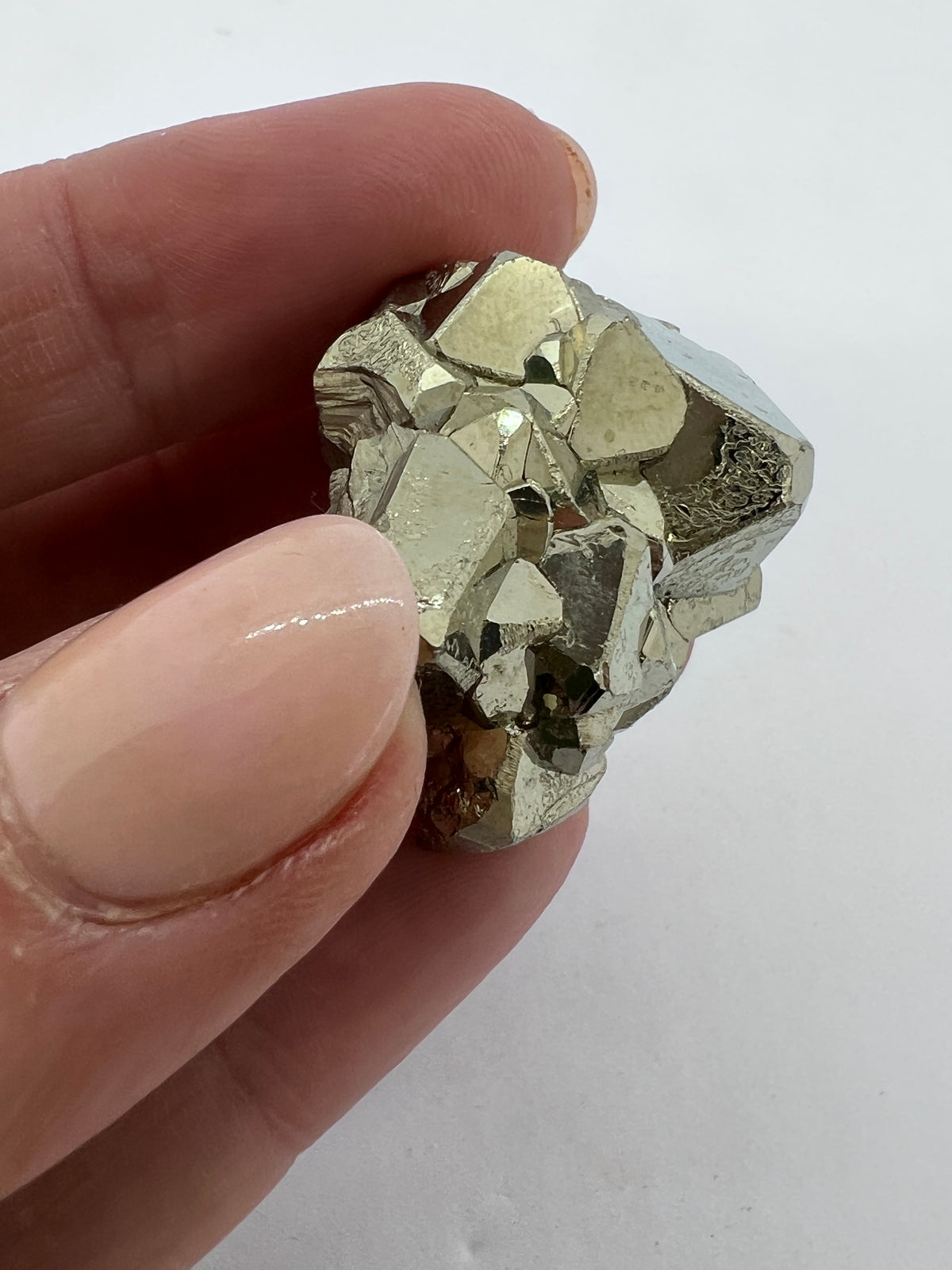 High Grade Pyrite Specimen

◇ ◇ ◇

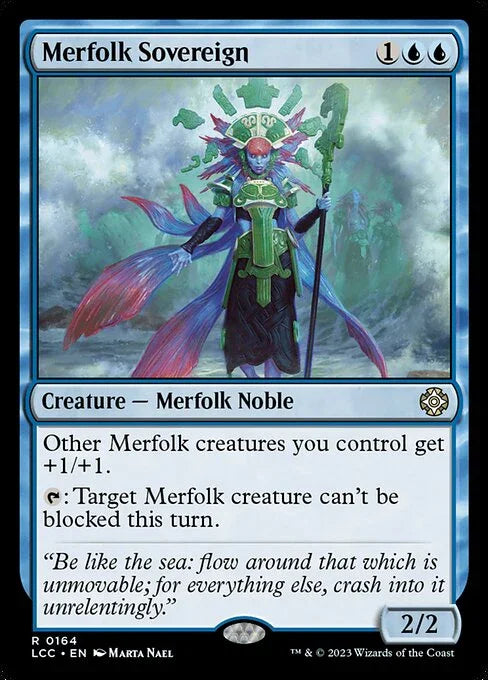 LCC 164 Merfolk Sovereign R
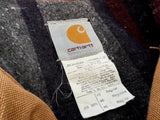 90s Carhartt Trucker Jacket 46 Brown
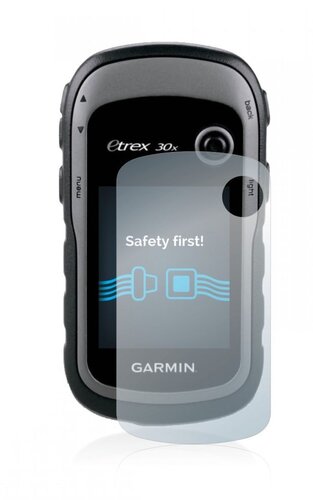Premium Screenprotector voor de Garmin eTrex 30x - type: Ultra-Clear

◇ ◇ ◇

Task statement: Return the lines above from the one with "LCC 164 Merfolk Sovereign R" through the one with "Premium Screenprotector voor", verbatim and nothing else. Omit every picture.

Finished task:
 LCC 164 Merfolk Sovereign R
 90s Carhartt Trucker Jacket 46 Brown
Premium Screenprotector voor de Garmin eTrex 30x - type: Ultra-Clear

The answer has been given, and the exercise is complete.